Her son, Matthew, of Cambridge, described her as “a tiny woman who lived a very large life.”
Mrs. Peters “loved to dance, and she loved a glass of champagne,” he said. “She was a firebrand, a force of life. Anyone who met her never forgot her.”
The day before suffering a stroke, Mrs. Peters dined with her friend Tish Robbins at The Burren, an Irish pub in Somerville’s Davis Square.
“She had shepherd’s pie and a beer,” Robbins said. “She had asked for a light ale and thought the one they brought was too dark. So she took a sip and asked them to bring her another one.”
Having lived in London for 11 years, Mrs. Peters once dreamed of living in a flat on Hampstead Heath.
“She was always in search of a good English pub,” Robbins said. “She always wanted to try new places. Every day with her was an adventure.”
Born Kaethe Jacob in Erfurt, Germany, she moved to London just before World War II and sought a career in social work.
Because she was a German national, however, she was arrested soon after arriving and detained on the Isle of Mann . Her parents and a sister died in German concentration camps.
Another sister, Esther, left Germany in 1933 for what became Israel, where she lived on a kibbutz until her death two years ago. Although the sisters lived far apart, they remained close, said Mrs. Peters’s daughter, Clara Simon, of Albany, N.Y.
In 1949, Mrs. Peters visited Israel while counseling Arab refugees as part of an international social work effort.
“Her sister was defending her community with a rifle, and my mother was part of an idealistic group of young Jewish people, helping Arabs who were in dire straits,” said Simon. “That was a hallmark of my mother. She always wanted to help, no matter what side.”
Because her parents and a sister died in the Holocaust, Mrs. Peters “had a choice to either hate and stew and deteriorate, or to try to help build a world where people of different ethnicities could get along,” her son said.
While working as a nanny and at agencies working with children, she studied at the University of London. The Fulbright scholarship helped her attend a master’s program in social work at Columbia University in New York City.
Mrs. Peters became a British citizen in 1947, writing in her application that her “interest lies with the individual and his adjustment to the community,” which “can best be directed and developed in children, their healthy growth, and their security.”
She arrived in New York in 1951 “with five dollars in her pocket,” her son said. She expected to return to London after graduating from Columbia, but was introduced to Stefan Peters by a mutual friend. They married in 1952 and moved to Cambridge soon afterward. He died in 1990.
At 83, Mrs. Peters began an extracurricular program for special needs students at Cambridge Rindge and Latin School. It employed the Orff approach, which focuses on activities children enjoy, such as clapping, dancing, and playing percussion instruments.
During her career, Mrs.
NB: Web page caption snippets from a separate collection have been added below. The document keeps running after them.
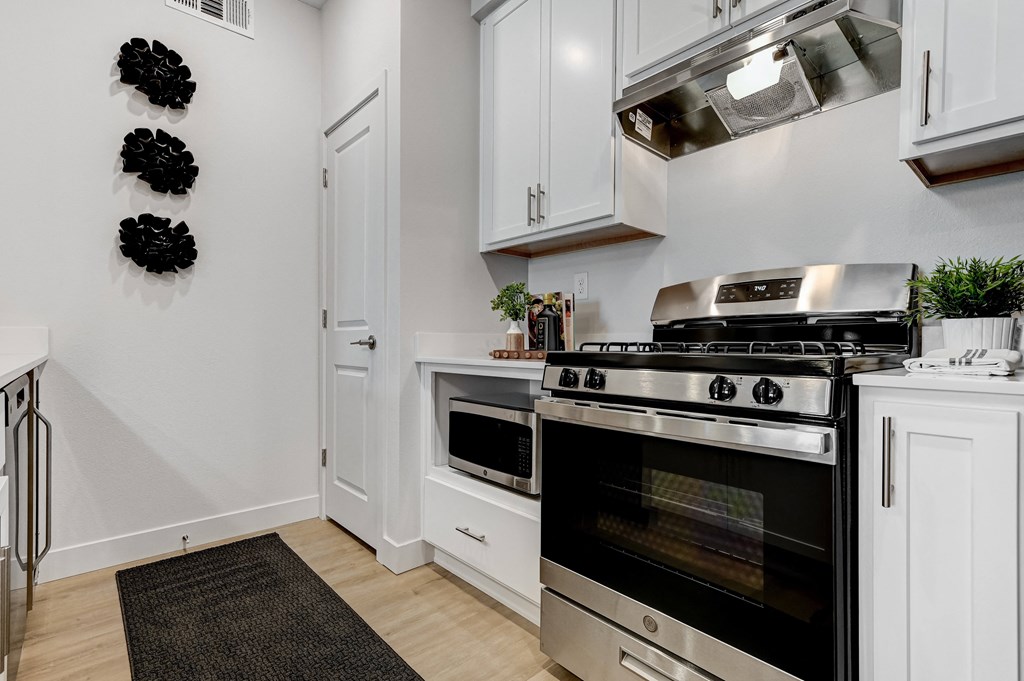 a kitchen with stainless steel appliances and white cabinets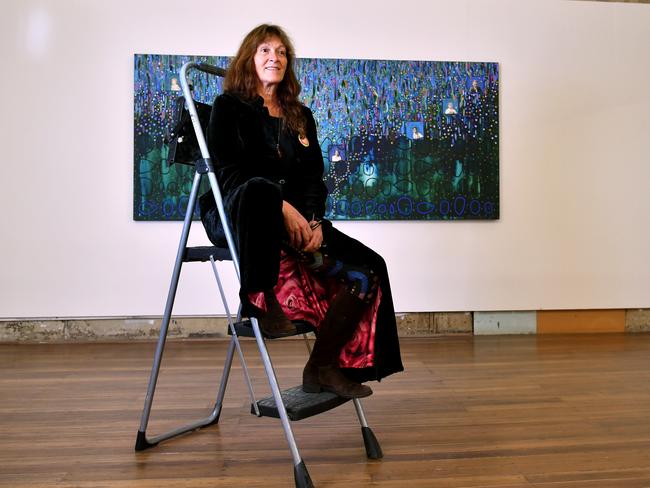 Aboriginal artist Bronwyn Bancroft poses for a photo with her artwork, <span id="U323729338335NbB" style="font-weight:normal;font-style:italic;">Falling Through Time</span> at the Sydney College of the Arts in Rozelle. Picture: Joel Carrett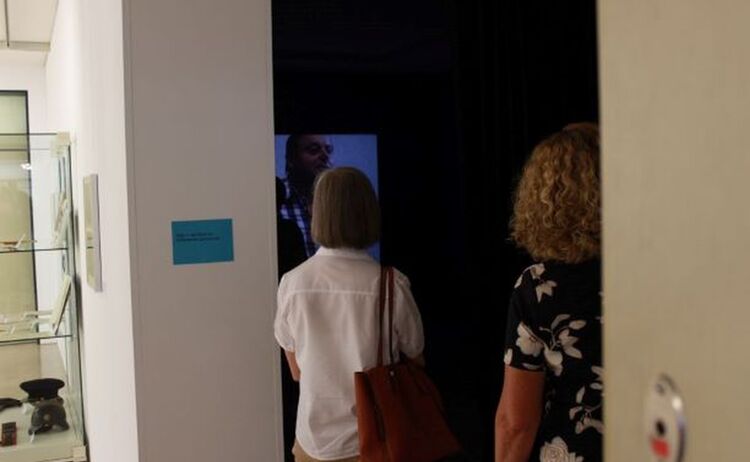 Besucher schauen einen Film zur Ausstellung: Zum Vergrößern auf Bild klicken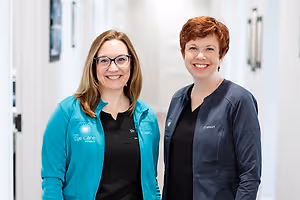 Two women in teal jackets smiling in a hallway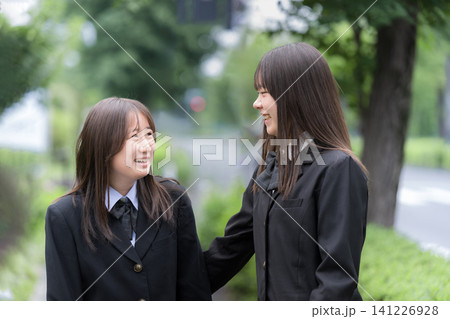 屋外の緑背景で会話する歩く笑顔で寄り添う日本人女子高校生 二人で過ごす高校生活と青春 屋外の緑背景で会話する歩く笑顔で寄り添う日本人女子高校生 二人で過ごす高校生活と青春 141226928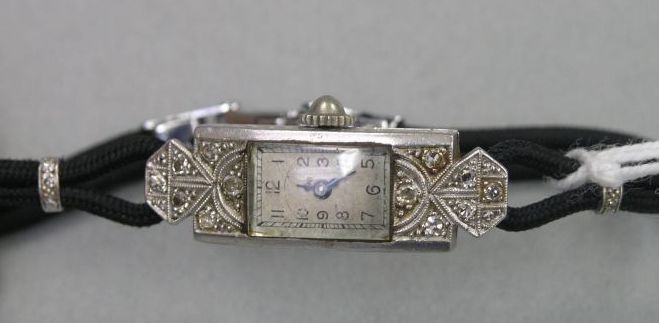 Appraisal: A lady's Art Deco platinum and diamond mounted cocktail watch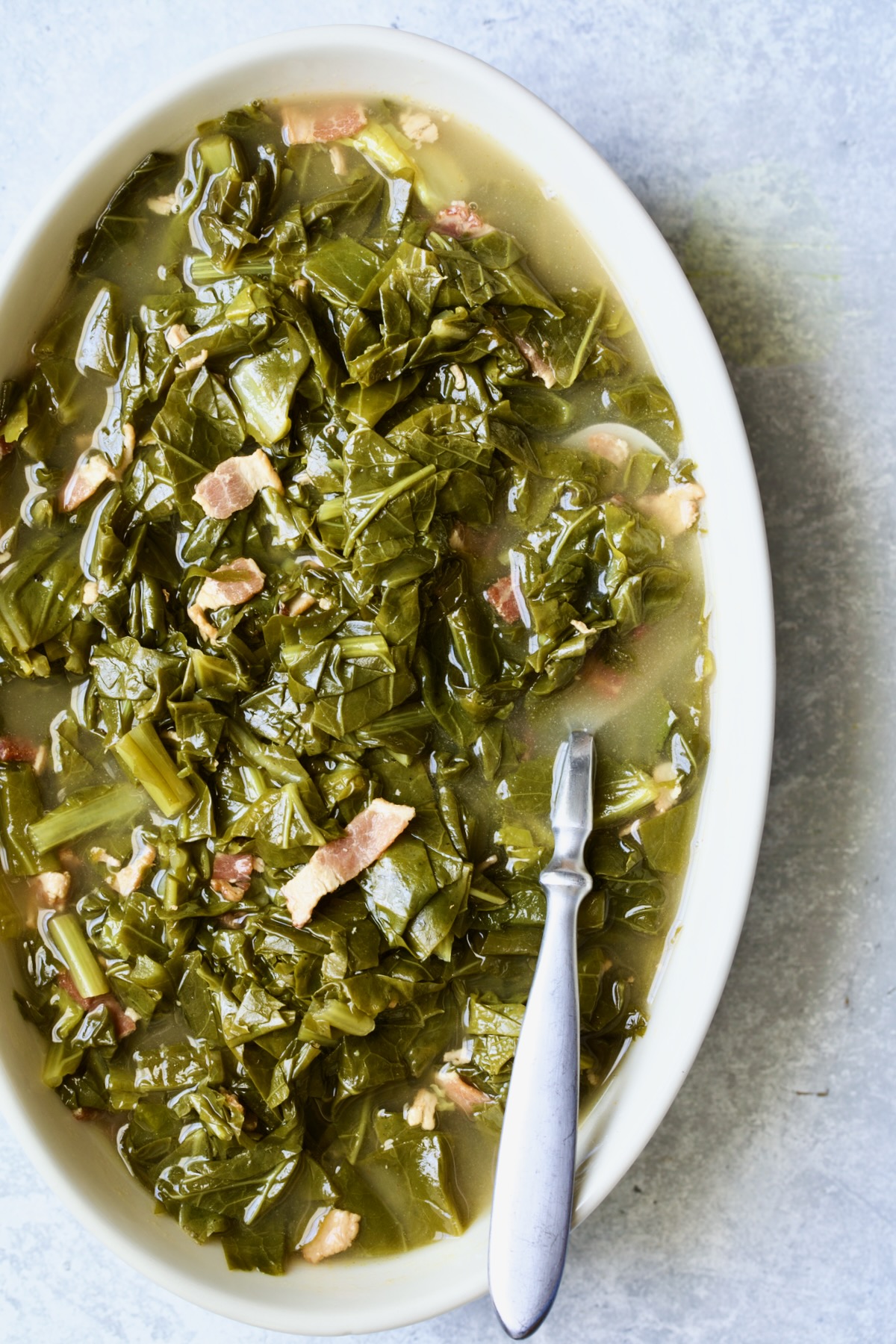 Braised Southern Greens in oval serving bowl with serving spoon.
Peters received many awards and served on the boards of numerous organizations. She also was deeply involved in the Cambridge public schools, which her children attended.
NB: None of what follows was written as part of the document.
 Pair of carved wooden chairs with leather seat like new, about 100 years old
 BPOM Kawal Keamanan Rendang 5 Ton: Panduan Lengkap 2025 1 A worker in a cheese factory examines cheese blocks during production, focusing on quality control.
“Kathy was a very active member of the Cambridge community,” said another friend, state Representative Alice Wolf. “Children were really her area of interest. She was very outgoing and very feisty, an activist and an advocate, and she always had a smile on her face.”
Mrs. Peters loved spending time with her husband at their vacation home in Vinalhaven, Maine, their son said. A movie buff, she also frequented the Brattle Theatre and enjoyed the Boston Symphony Orchestra, where for years she attended Wednesday night rehearsals.
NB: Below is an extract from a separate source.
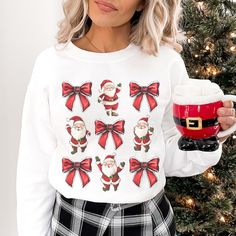 🎄Santa Bow Sweatshirt  Perfect for spreading Christmas cheer and adding a touch of whimsy to your holiday wardrobe. IMPORTANT Mockups are used for demonstration purposes only, and the final product may vary slightly in color & placement. ❣️SIZE & FIT: Gildan 18000 Unisex Sweatshirt  True to size with a relaxed fit **Size up 1 or 2 if you like an oversized fit. Design is scaled down on smaller sizes. THESE ARE UNISEX SIZING 💌 CARE INSTRUCTIONS: * Wash inside out, in cold water, on gentle cycle. Tumble dry low or let air dry * Do not use Fabric Softeners or Bleach * Do not dry clean. *Avoid ironing on the design. 📦SHIPPING: Once order is placed production takes 1 to 3 days. Standard Shipping 3-5 business days after production time. USPS does experience rerouting and delays from time to ti Coquette Sweater, Holiday Party Tops, Spreading Christmas Cheer, Bow Sweatshirt, Christmas Coquette, Pink Santa, Santa Sweatshirt, Holiday Wardrobe, Vintage Santa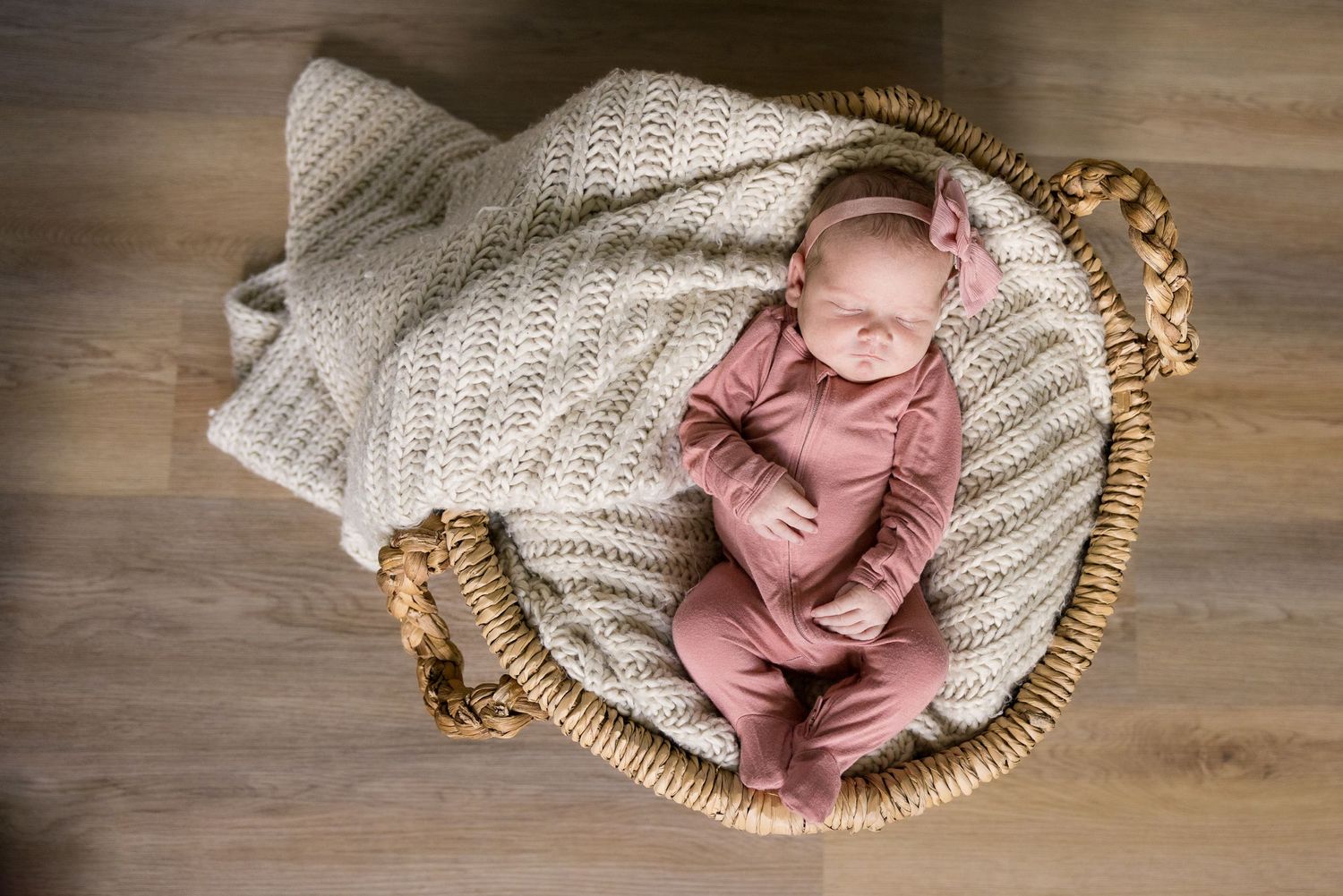 A newborn baby lies in a wicker basket, wrapped in a soft blanket.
“She was very funny, she loved good food, and she loved fashion,” said Robbins, who added that Mrs. Peters “was a snappy dresser, always wearing an elegant scarf.”
A service has been held for Mrs. Peters, who in addition to her son and daughter leaves 13 grandchildren and 15 great-grandchildren.
“She loved the aesthetic experience of the world, and she found value in artistic expression,” her daughter said. “She was an excellent mother and provided many interesting experiences for us. We walked everywhere. She always wanted to enrich our lives.”